Do you think “Will the Wolf Survive?” has an even deeper resonance since Trump’s inhumane treatment of Dreamers and draconian immigration and border policies? It seems comically naive given the full-on assault we seem to be dealing with on a daily basis. We’re old enough to have survived a few terrible, semi-criminal presidents, but I don’t think anyone thought we’d ever see the likes of this insanity. I just hope I live long enough to see his karmic debt fully repaid.

“One Time, One Night,” from 1987’s By the Light of the Moon, is another of Los Lobos’ quintessential masterpieces. How did that come about? Again, not a particularly difficult song to capture once it got worked out. The single version, which is different than the album version, has John Hiatt singing background vocals, and that was the first time we ever met Mitchell Froom, who would produce [Los Lobos’ albums] Kiko, Colossal Head, and This Time about five years after the session. He played organ on it as well.

What’s the story behind the vignette-like songs on the 2006 album The Town and the City? Was the title an homage to Jack Kerouac’s first novel? How did Jaime Hernandez come to do the cover art? Were you or other band members fans of Jaime and Gilbert Hernandez’s groundbreaking Chicano/punk rock/magical realism Love and Rockets alternative comic? Louie [Pérez] and I were fans of the Hernandez brothers, and there was the obvious East L.A. connection, so it seemed like a great fit for the cover of that record. As far as the songs, that was a much more challenging record to make — we had done a long tour on the anniversary of Kiko, playing it live in sequence, and had just finished it when we went into the studio to start The Town and the City. We had this vague notion that we would try and use what we thought to be a similar ethos in the approach, but it seemed like the record wanted to be something entirely different. I just remember feeling like we were pushing something up hill pretty much the entire record — like one step forward, two steps back for what seemed like months until right at the very end when we got, like, four songs done in two days, “Free Up” and “The Road to Gila Bend” among them. Up to that point, I had no idea if it even hung together as a coherent statement, but that’s how our records tend to get made.

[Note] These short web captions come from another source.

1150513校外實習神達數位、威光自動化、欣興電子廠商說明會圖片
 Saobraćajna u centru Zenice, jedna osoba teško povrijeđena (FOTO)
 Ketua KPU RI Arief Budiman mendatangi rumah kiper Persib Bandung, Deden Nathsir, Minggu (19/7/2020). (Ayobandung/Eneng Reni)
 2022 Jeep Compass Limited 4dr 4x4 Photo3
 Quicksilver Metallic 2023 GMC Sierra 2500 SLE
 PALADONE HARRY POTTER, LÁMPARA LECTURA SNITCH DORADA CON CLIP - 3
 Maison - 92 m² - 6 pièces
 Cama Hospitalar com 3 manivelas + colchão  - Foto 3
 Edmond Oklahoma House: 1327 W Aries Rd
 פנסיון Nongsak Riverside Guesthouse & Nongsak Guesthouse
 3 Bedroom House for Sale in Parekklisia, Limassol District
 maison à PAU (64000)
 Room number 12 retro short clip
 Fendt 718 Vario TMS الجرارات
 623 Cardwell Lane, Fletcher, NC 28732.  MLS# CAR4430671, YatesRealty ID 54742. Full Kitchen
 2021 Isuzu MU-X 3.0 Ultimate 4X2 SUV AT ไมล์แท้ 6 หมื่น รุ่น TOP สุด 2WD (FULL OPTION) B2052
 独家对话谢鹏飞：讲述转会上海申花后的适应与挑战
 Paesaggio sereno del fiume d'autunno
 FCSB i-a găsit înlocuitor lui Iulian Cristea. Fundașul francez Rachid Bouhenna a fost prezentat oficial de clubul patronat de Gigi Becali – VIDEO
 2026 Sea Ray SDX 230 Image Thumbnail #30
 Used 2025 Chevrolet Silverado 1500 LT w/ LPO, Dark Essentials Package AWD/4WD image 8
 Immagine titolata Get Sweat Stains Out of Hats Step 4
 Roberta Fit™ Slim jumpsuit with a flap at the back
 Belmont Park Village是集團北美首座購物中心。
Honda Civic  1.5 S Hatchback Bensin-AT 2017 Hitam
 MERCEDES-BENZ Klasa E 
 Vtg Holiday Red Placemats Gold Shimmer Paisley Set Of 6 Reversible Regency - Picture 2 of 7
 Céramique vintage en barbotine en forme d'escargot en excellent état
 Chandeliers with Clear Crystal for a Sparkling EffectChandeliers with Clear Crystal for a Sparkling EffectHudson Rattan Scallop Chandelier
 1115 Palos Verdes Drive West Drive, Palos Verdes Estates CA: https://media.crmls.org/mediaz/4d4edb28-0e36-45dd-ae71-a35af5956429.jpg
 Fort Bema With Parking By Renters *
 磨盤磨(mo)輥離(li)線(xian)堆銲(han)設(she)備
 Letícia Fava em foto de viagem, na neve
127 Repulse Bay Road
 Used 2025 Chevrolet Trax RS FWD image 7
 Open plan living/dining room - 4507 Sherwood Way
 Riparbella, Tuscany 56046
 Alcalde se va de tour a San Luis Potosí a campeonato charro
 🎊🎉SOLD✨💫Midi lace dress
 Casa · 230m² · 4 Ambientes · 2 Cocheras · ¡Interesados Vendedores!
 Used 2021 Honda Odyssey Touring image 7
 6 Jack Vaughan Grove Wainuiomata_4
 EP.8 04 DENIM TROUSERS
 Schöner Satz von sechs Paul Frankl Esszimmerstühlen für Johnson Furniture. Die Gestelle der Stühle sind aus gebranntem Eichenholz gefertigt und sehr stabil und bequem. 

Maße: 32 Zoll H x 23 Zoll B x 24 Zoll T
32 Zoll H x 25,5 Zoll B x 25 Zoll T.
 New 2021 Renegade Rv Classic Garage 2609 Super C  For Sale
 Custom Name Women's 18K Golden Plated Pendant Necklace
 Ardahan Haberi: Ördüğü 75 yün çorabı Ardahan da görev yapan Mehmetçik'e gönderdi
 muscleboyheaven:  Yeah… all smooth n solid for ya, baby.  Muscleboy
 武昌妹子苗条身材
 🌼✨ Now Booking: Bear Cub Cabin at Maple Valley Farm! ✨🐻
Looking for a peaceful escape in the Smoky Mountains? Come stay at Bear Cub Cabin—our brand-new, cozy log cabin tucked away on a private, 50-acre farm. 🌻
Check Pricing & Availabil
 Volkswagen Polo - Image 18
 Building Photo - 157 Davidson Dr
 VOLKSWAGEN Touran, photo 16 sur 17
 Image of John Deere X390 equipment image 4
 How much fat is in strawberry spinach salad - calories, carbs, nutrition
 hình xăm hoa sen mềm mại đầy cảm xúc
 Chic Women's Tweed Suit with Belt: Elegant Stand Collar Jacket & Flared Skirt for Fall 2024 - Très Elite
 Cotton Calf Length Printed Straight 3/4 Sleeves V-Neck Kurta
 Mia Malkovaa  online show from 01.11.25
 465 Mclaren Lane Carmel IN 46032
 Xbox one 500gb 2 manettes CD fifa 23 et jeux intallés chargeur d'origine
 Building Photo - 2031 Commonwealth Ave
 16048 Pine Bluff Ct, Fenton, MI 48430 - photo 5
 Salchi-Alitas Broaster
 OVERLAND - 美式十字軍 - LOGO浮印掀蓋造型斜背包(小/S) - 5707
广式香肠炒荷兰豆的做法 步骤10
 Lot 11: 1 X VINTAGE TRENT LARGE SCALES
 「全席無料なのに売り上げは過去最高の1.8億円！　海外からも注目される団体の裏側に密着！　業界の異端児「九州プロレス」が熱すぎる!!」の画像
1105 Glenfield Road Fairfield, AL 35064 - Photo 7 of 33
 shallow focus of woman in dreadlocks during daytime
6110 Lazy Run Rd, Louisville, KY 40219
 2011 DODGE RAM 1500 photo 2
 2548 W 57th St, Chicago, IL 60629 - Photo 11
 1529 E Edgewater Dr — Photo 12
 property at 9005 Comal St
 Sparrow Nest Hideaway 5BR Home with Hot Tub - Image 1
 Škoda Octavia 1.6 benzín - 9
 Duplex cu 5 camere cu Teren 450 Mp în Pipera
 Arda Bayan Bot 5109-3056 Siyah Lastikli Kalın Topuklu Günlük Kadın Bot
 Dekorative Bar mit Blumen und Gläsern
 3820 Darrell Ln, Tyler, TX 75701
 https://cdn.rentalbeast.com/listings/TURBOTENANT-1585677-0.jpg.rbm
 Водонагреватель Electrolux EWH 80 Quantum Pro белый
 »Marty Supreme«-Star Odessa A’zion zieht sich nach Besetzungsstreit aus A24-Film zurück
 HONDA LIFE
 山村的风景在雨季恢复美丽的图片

Who are your musical influences? First and foremost is my main man and former compatriot Lee Allen … I still think about him literally every time I play. Besides him, I really like Red Prysock, Dexter Gordon, and Lockjaw Davis. And then on the outside I love Archie Shepp.

Do the group’s vocalists/guitarists/multi-instrumentalists David Hidalgo, Louie Pérez, and Cesar Rosas usually write song lyrics together, or do they each come up with their own lyrics and then craft the music together with you, bassist Conrad Lozano, and the various drummers who have been in the band — including, most recently, Enrique González? Dave and Louie do their own thing, with Louie handling all the lyrics on their tunes, and Cesar pretty much does his thing by himself, and then when we get together to record, everybody will throw their two cents in. Dave’s tunes are often pretty fleshed out, and we’ve been known to use his actual demos as the primary layer on quite a few Los Lobos tunes. Cesar’s [tunes] often take a little more arrangement shaping before they get recorded, but it all usually works out in the end.

What can fans expect at your upcoming Libbey Bowl show? Will you be playing any new compositions or new covers of any folkloric Latino music? I wish there were new tunes to play, but alas, we had a recording project fall through, so we’re back to square minus one on that front. Hard to say what else we will have up our sleeve, but I’m sure it will be something worth your while.